People can argue about what in this passage is meant to be taken “literally” and what is not. But it does refer to blessings of some kind. And those blessing cannot be relegated to either a purely “spiritual” state, nor to life after the “Second Coming.”

Why not? This prophecy could have been delivered without any mention of death at all. If these were either blessings describing a “spiritual” reality in Christ or a post-Judgment-Day reality after the general resurrection, then death should not be part of the description at all.

But death is there in the promise that dying at the age of a hundred will be considered dying young. Immortality is not promised, merely increased longevity.

Why? There was no need to bring it up if it wasn’t intended to inform us that there will still be death, just not in the worse form that people have experienced before (or now?).

If we take Genesis 3 seriously, then not only is death a result of the Fall, but so are various aspects of the world that we take for granted: painful labor both in a man’s work and in a mother’s giving birth, for example. And we can extrapolate also disease and all the other bad things that cause unnecessary suffering and scarcity.

As I pointed out, Paul refers to our future resurrection as being the defeat of the last enemy (First Corinthians 15.26). For that reason alone, we should expect God to deliver us from plagues and famines before that time. We should expect that, as the Great Commission is fulfilled, that life expectancies will increase. This prophecy in Isaiah 65 fits well with that expectation.

By the way, how does one “spiritualize” salvation without “spiritualizing” Genesis 3? It seems to me that amillennialism demands afallism too. (No Christian believes that, of course, but I’m just saying it should give us pause.)

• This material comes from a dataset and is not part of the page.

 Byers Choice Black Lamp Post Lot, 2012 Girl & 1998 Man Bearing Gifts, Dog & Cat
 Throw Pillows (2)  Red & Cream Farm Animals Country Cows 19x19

I don’t know that everything in Isaiah 65 is intended literally. And even if the promise about animals not eating each other is literal, I’m not sure that represents a return to Eden or a transformation that is even greater than the original state of creation. But what I do know is that the prophecy will be fulfilled when the whole world is converted. A promise made, among other places, in Isaiah 11:

The wolf shall dwell with the lamb,
and the leopard shall lie down with the young goat,
and the calf and the lion and the fattened calf together;
and a little child shall lead them.
The cow and the bear shall graze;
their young shall lie down together;
and the lion shall eat straw like the ox.
The nursing child shall play over the hole of the cobra,
and the weaned child shall put his hand on the adder’s den.
They shall not hurt or destroy
in all my holy mountain;
for the earth shall be full of the knowledge of the LORD
as the waters cover the sea.

In that day the root of Jesse, who shall stand as a signal for the peoples—of him shall the nations inquire, and his resting place shall be glorious.

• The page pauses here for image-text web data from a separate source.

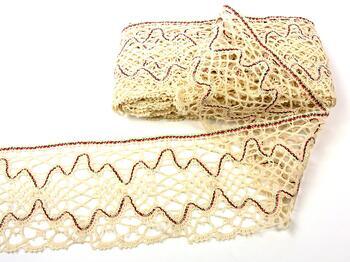 Cotton bobbin lace 75127, width 120 mm, ecru/dark green/light red - 5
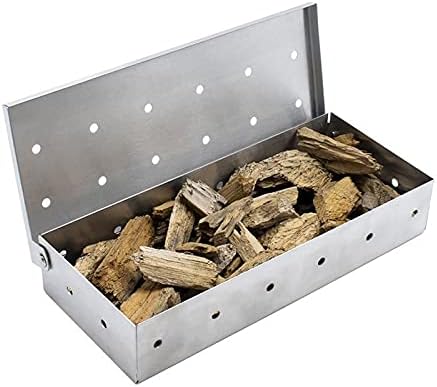 Wood Chips Smoker Box for Portable Charcoal Grill, Camping BBQ Grills, Outdoor Barbecue Grill – Stainless Steel Smoke Infuser for Charcoal Grills BBQ,A-1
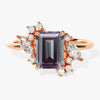 Emerald Cut Lab Alexandrite Engagement Ring with Marquise and Round Moissanite Sidestones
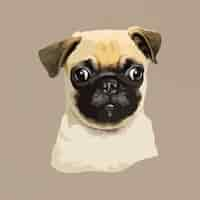 Free vector vectorized adorable pug sticker design resource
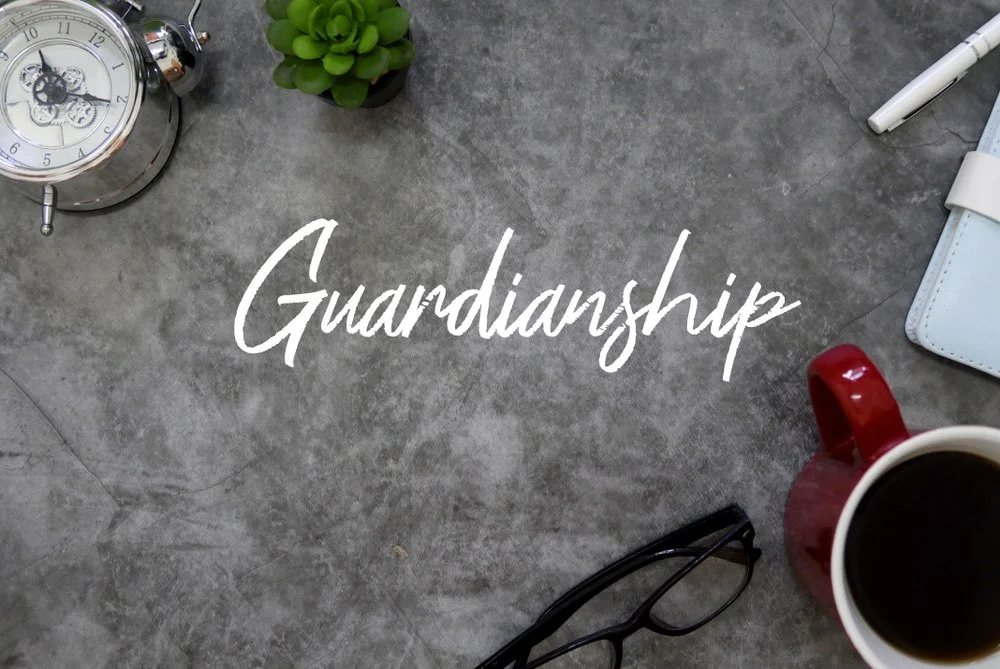 The word 'Guardianship' written prominently in the background, symbolizing a lawyer discussing the different types of guardianships in Florida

In fact, Habbakuk prophesies that the wicked will not last, not by predicting the coming of Judgment Day, but rather predicting that the rise of worldwide godliness will bring about the destruction of those who attempt to build their kingdoms upon murder. In Chapter 2, which contains the same passage that the Apostle Paul uses to prove justification by faith alone, Habbakuk writes:

Woe to him who builds a town with blood
and founds a city on iniquity!
Behold, is it not from the LORD of hosts
that peoples labor merely for fire,
and nations weary themselves for nothing?
For the earth will be filled
with the knowledge of the glory of the LORD
as the waters cover the sea.

There is our hope: Not only the return of Jesus, but the victory of His Spirit and His Gospel giving the whole world true knowledge of him and of his Word, bringing about the end of wickedness and an end to the weariness of frustrated labor.